Mitigation during notice period: Hardy was employed by Polk for seven years. Then she resigned, giving eight weeks’ notice. Polk was concerned that she was going to work for a competitor, so it asked her to sign a confidentiality agreement. Hardy refused, and was dismissed without notice the following week.

She was able to start work for the new employer earlier, but for four weeks, she was unemployed. Her claim for unfair dismissal was admitted by Polk. The tribunal awarded a basic sum reflecting the seven years of employment, but only awarded four weeks net loss for the notice period.

Hardy appealed, citing the decision in Norton Tool Co Ltd v Tewson (1972), where it was held the employee could recover salary for the full notice period without deduction for any money earned during that period.

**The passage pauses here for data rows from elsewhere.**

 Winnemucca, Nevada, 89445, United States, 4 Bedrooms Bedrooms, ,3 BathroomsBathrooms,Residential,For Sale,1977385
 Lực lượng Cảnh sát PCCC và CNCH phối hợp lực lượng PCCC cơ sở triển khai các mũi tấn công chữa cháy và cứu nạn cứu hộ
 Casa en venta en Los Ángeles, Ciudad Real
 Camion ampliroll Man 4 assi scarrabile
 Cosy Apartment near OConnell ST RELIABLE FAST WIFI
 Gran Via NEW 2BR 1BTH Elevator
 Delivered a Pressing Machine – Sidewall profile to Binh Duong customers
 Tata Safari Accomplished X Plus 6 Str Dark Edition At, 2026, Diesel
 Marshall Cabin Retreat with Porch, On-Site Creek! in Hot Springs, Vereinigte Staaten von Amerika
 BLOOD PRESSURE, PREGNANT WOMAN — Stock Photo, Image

The EAT, dismissing the appeal, stressed that the purpose of the statutory provisions was to compensate the victim of an unfair dismissal, not to penalise the employer. Hardy had mitigated her loss and she was not permitted to make a profit from her claim.

The right to minimum statutory notice does not provide a right to a notice payment, only a right to receive a period of notice. It does not create a debt – Hardy’s claim was in damages, not in debt.

The Norton Tool decision had, according to the EAT, overlooked the mitigation provisions in force at the time.